* **EXERCISE BRIEF**
Go through the listing below and write out exactly the lines from the one that mentions "Oral-B iO Sanfte" through the one that mentions "Men Castore Tops Adapt 14 Zip 8211 Navy", minus the pictures.

* **RECORDS PROVIDED**
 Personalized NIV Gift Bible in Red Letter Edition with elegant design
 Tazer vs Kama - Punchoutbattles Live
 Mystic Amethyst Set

--

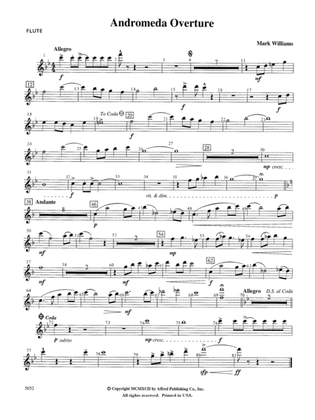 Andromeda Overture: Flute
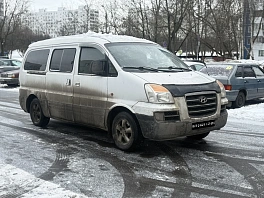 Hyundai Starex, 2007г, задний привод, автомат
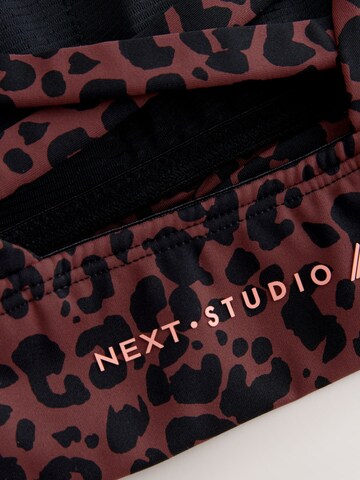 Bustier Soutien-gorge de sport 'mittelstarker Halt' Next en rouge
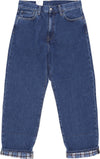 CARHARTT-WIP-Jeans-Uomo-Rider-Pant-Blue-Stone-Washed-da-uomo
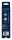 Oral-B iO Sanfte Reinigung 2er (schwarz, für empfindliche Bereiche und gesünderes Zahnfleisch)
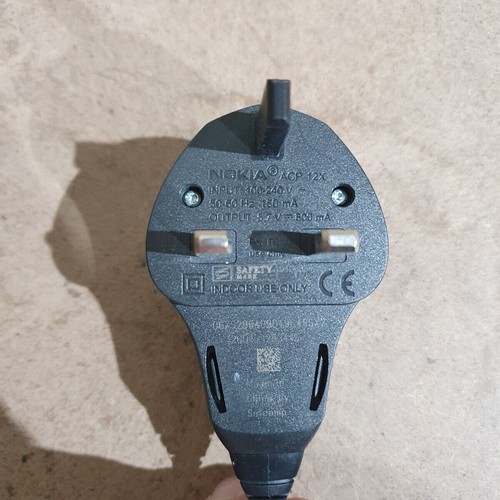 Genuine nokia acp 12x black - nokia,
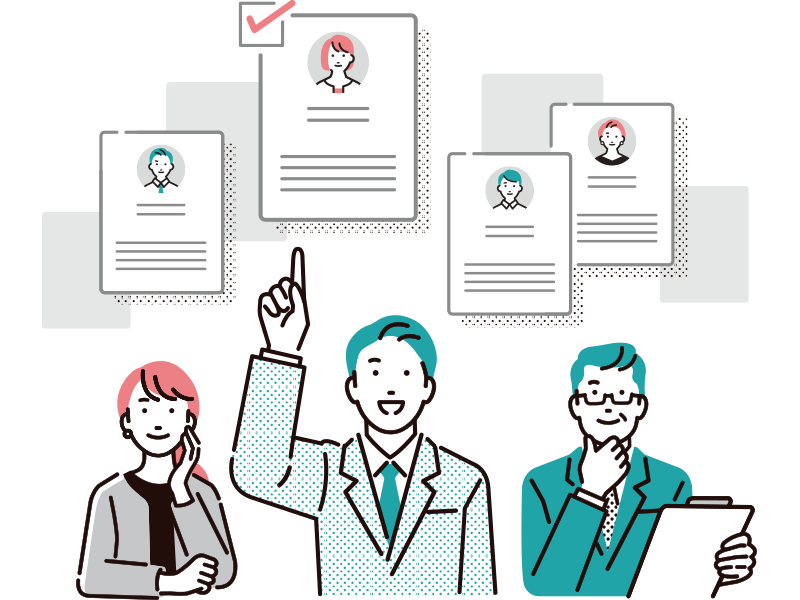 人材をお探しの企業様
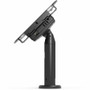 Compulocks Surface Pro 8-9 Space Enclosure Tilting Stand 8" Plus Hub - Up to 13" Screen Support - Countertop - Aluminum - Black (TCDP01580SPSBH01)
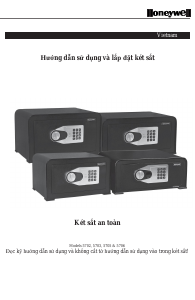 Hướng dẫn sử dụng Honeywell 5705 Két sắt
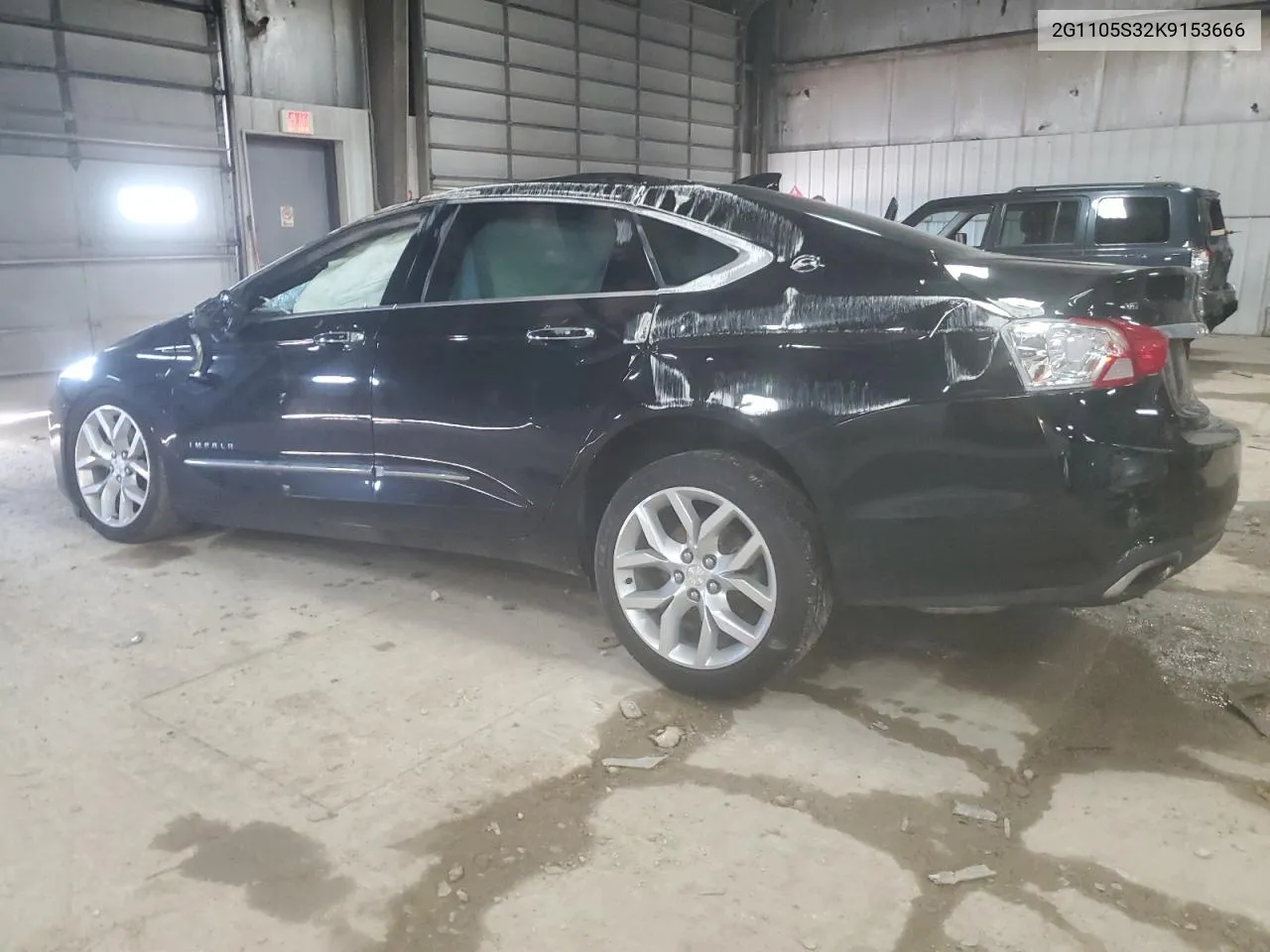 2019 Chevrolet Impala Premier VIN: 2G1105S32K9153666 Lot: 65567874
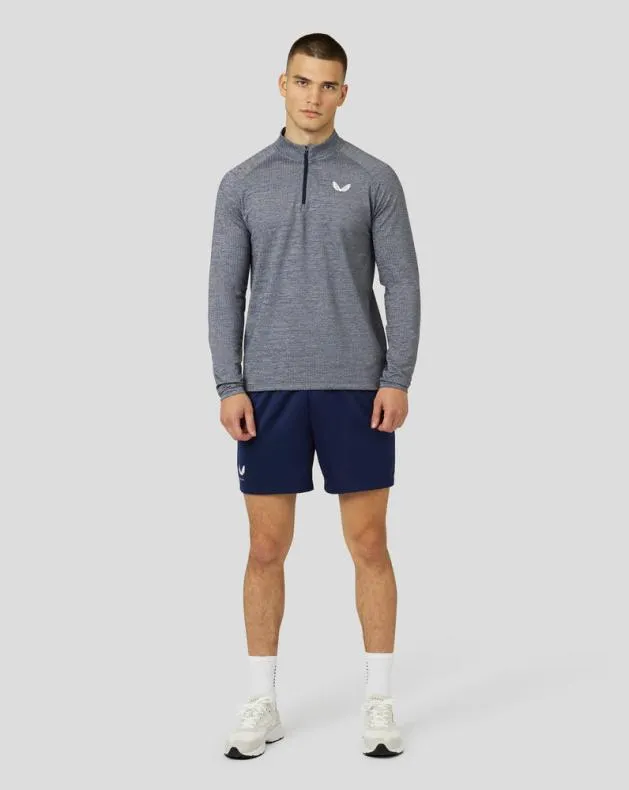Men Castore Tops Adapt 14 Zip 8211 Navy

* **YOUR SOLUTION**
 Oral-B iO Sanfte Reinigung 2er (schwarz, für empfindliche Bereiche und gesünderes Zahnfleisch)
 Genuine nokia acp 12x black - nokia,
 人材をお探しの企業様
 Compulocks Surface Pro 8-9 Space Enclosure Tilting Stand 8" Plus Hub - Up to 13" Screen Support - Countertop - Aluminum - Black (TCDP01580SPSBH01)
 Hướng dẫn sử dụng Honeywell 5705 Két sắt
 2019 Chevrolet Impala Premier VIN: 2G1105S32K9153666 Lot: 65567874
Men Castore Tops Adapt 14 Zip 8211 Navy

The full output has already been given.